En élevant les exigences liées à la protection des consommateurs à un niveau quasi-dogmatique, la Directive sur la Distribution d’Assurance UE 2016/97, adoptée le 20 janvier 2016 et entrée en vigueur le 1er octobre 2018, a défini, en cette matière, 5 thématiques majeures.
Parmi elles, et à la lecture des actes délégués[1] qui lui ont été consacrés le thème « rémunération et conflits d’intérêts » a fait l’objet d’une attention particulière. À des fins de pédagogie, l’Autorité européenne des assurances et des pensions professionnelles, plus connue sous l’acronyme d’EIOPA[2], a été appelée à donner des avis techniques sur les possibles cas de figure et critères pouvant définir les atteintes aux intérêts des clients, sans oublier les moyens de résolution que les distributeurs sont appelés à mettre en œuvre afin de maîtriser ce risque.
I – La conceptualisation
Afin de préserver les principes de clarté et de loyauté, et lorsqu'un produit d’investissement fondé sur l’assurance (PIA) est concerné, l’EIOPA s’est attelé à caractériser consécutivement le conflit d’intérêts comme un fait résultant de 4 critères, identifiables isolément ou cumulativement :
Lorsque l’entreprise d’assurance, les intermédiaires y compris leurs managers, employés, ou quelconque personne soumise à leur contrôle :
- sont susceptibles de permettre un gain financier ou d’empêcher une perte financière au détriment d’un client.
- ont une motivation quelconque à favoriser les intérêts d’un client ou d’un groupe de client plutôt que ceux d’un autre.
- perçoivent ou vont percevoir de la part d’une autre personne que le client, un bénéfice monétaire ou non monétaire en relation avec l’activité de distribution fournie au client.
Lorsque l’intermédiaire d’assurance, les personnes responsables de la distribution de PIA au sein d’une entreprise d’assurance ou toute personne liée sont substantiellement impliqués dans la gestion ou le développement des PIA et en particulier s’ils ont une influence sur le prix de ces produits ou sur leurs coûts de distribution.
II – La culture de gestion des conflits d’intérêts
La prophylaxie étant une vertu, les entreprises et intermédiaires d’assurance sont appelés à anticiper, établir, mettre en œuvre et pérenniser une politique de gestion des conflits d’intérêts efficace.

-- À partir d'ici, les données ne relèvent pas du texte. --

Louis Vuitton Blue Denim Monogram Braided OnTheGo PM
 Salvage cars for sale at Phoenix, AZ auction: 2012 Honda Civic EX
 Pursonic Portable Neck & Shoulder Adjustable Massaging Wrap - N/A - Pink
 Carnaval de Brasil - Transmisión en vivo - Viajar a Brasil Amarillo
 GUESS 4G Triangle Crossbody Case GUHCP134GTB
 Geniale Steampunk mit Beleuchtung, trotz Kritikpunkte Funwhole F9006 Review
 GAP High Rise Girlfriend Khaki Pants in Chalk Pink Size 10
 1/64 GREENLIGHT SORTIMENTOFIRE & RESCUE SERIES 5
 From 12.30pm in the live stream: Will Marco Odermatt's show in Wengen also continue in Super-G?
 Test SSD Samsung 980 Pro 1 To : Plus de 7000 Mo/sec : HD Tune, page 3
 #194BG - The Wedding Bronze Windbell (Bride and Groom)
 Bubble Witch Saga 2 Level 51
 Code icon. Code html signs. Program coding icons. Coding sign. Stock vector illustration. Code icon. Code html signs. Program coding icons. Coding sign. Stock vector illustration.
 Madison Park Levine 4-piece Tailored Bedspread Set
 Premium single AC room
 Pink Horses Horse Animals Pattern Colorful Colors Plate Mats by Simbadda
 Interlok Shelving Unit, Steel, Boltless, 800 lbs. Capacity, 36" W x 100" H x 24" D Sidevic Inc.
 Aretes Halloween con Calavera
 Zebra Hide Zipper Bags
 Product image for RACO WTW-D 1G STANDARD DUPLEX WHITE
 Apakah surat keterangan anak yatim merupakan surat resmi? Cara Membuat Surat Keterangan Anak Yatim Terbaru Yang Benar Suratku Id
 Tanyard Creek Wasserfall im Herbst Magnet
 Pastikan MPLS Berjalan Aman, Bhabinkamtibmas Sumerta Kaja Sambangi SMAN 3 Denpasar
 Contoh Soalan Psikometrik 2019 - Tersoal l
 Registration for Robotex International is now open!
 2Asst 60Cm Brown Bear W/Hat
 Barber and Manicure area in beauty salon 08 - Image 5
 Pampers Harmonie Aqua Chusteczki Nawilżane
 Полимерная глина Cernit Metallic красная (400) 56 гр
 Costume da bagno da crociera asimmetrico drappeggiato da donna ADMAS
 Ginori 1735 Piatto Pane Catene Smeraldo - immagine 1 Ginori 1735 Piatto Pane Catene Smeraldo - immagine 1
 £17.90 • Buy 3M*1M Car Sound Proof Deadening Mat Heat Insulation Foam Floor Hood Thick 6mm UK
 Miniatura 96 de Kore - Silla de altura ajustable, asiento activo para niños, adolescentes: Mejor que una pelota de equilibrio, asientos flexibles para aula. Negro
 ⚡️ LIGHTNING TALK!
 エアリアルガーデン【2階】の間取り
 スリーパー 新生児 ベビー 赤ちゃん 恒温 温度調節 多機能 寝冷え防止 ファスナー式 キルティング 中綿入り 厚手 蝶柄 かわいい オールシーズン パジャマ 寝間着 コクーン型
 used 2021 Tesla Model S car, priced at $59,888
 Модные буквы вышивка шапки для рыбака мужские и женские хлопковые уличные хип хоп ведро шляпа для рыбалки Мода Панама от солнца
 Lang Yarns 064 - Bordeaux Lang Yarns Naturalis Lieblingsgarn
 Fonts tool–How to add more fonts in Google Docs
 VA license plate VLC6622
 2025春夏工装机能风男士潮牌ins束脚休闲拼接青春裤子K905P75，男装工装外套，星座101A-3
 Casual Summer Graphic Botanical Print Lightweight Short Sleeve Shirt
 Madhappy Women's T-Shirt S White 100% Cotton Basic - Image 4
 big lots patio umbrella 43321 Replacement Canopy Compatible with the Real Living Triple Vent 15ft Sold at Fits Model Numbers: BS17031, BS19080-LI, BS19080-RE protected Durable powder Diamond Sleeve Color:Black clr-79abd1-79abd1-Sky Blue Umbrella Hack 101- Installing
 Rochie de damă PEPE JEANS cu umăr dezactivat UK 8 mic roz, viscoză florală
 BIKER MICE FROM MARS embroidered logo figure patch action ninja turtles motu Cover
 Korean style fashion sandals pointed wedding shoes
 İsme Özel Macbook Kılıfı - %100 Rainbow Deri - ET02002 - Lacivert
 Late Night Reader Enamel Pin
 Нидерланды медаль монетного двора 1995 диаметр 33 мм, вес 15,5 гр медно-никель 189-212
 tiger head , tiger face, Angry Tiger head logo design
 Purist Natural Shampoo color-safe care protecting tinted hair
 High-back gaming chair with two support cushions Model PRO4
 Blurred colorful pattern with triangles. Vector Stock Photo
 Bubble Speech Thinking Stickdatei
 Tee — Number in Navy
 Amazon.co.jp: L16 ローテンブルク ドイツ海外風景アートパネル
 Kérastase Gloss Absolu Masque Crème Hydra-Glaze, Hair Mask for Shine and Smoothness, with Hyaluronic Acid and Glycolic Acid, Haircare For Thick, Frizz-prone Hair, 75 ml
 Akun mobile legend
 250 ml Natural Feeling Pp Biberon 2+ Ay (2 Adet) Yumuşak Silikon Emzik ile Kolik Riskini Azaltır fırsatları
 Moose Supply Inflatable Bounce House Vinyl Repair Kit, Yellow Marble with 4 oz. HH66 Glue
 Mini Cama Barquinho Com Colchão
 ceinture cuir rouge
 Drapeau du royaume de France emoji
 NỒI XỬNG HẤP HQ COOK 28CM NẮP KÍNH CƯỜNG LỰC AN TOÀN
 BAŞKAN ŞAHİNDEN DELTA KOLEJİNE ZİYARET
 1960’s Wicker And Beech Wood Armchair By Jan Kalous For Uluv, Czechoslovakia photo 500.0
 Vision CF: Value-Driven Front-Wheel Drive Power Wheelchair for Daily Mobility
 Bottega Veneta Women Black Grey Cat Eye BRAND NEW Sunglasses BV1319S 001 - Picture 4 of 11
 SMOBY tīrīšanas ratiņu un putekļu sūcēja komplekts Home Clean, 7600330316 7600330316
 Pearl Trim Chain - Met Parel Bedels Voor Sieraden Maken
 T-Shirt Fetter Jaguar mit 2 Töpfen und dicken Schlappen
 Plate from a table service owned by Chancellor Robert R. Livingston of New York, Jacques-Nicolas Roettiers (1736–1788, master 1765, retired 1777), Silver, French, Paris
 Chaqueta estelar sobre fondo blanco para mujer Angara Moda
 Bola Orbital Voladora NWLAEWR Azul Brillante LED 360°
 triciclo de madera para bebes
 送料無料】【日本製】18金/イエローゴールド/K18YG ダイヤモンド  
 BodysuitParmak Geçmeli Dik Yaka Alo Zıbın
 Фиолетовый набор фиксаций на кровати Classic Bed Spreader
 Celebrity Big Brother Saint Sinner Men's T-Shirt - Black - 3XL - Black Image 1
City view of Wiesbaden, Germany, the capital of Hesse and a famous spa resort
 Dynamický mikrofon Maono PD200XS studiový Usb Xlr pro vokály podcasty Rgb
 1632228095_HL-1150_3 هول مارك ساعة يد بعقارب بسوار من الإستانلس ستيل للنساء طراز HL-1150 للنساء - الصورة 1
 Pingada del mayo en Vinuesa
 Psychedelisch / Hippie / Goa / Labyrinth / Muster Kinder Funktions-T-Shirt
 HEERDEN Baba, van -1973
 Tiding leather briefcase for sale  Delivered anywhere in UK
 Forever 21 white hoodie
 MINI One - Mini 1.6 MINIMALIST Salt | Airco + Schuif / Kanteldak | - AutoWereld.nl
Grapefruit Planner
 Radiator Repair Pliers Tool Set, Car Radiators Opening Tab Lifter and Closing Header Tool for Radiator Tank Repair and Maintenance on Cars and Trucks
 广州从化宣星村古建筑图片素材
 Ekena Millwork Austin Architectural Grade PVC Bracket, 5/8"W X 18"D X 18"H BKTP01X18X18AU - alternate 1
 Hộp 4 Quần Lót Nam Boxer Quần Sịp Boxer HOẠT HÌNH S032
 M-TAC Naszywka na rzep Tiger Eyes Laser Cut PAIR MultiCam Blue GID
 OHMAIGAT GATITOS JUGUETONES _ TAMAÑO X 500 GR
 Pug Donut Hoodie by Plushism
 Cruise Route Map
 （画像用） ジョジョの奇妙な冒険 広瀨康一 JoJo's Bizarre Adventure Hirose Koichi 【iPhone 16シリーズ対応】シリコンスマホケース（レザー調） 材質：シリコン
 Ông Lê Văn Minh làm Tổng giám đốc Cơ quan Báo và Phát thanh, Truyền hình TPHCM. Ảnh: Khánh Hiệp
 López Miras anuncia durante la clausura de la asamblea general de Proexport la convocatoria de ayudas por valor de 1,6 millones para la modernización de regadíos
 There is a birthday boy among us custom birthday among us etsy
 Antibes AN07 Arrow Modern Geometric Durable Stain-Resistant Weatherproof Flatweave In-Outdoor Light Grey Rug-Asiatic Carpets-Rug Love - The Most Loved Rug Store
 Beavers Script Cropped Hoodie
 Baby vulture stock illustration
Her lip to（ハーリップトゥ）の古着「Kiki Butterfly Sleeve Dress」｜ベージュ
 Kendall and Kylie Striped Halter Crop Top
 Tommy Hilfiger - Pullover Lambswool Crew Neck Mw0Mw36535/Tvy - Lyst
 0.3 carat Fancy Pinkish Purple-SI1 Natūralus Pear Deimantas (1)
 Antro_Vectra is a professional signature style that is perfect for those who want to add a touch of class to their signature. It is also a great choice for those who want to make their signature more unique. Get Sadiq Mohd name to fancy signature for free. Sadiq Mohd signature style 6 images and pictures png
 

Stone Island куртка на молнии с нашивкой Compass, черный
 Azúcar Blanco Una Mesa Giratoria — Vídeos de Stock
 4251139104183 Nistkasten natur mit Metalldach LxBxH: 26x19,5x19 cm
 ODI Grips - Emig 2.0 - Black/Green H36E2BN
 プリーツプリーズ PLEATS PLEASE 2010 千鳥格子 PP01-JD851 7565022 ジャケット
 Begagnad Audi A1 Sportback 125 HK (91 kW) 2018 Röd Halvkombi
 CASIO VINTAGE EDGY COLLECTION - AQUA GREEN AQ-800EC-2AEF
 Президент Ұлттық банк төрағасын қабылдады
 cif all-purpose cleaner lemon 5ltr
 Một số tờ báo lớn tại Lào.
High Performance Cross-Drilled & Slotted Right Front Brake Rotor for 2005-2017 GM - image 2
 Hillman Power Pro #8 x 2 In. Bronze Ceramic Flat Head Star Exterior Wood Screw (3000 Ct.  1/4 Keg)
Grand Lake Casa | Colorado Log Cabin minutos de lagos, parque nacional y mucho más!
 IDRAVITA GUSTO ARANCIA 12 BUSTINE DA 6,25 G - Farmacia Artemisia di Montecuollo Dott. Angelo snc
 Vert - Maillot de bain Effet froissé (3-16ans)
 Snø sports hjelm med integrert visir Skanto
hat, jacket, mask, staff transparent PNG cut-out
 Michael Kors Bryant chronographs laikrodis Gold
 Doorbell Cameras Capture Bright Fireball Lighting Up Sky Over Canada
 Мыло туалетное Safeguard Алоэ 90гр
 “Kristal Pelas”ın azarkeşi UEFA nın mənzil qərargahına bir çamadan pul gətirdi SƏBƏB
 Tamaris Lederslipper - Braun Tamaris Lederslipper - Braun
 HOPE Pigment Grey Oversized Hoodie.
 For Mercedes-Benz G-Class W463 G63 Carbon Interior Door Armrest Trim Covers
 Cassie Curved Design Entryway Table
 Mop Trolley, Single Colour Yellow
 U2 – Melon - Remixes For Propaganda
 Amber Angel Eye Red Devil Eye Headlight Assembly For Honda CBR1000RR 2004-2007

À cet effet, les distributeurs doivent identifier les éléments circonstanciés qui vont permettre de constituer une grille d’actions destinée à limiter l’apparition d’un tel fait générateur. Il s’agit de :
- procédures efficaces pour contrôler les échanges d’informations pouvant porter préjudice aux intérêts du client ;
- la surveillance distincte des personnes fournissant des services aux clients ou exerçant des activités pour le compte de ces clients, dont les intérêts peuvent entrer en conflit ;
- la suppression d’un lien direct entre les paiements, y compris la rémunération, aux personnes principalement engagées dans une activité et aux personnes engagées dans une autre activité, où un conflit d’intérêts peut survenir ;
- des mesures visant à empêcher toute personne d’influencer de manière inappropriée la façon dont une autre personne exerce une activité de distribution ;
- des mesures pour prévenir ou contrôler la participation simultanée d’une personne concernée dans des activités de distribution qui pourraient nuire à la gestion des conflits d’intérêts.
III – La politique de vigilance de l’ACPR
Dès 2018, et compte tenu de ces nouvelles orientations, l’autorité de régulation a indiqué que ses contrôles allaient changer de cibles.
Si en effet, en 2017, sa vigilance portait sur les thèmes comme la commercialisation à distance d’assurances complémentaires santé, le libre choix de l’assurance emprunteur ou les contrats d’assurance vie en déshérence, son attention se porterait dorénavant sur, entre autres, la gouvernance et la surveillance des produits, notamment que les professionnels intègrent dans leur organisation la prise en compte a priori de l’intérêt des clients.
Par cette dernière préoccupation, L’ACPR sous-entend, sans méprise possible, la bonne administration des rémunérations des intermédiaires et des conflits d’intérêts avec les clients.
TRAN HOANG DIEU, Responsable pédagogique
[1] La procédure des actes délégués permet au législateur de l'Union européenne de déléguer à la Commission européenne le pouvoir d'adopter des actes non législatifs de portée générale qui modifient ou complètent des éléments non essentiels de l'acte législatif.
[2] European Insurance and Occupational Pensions Authority.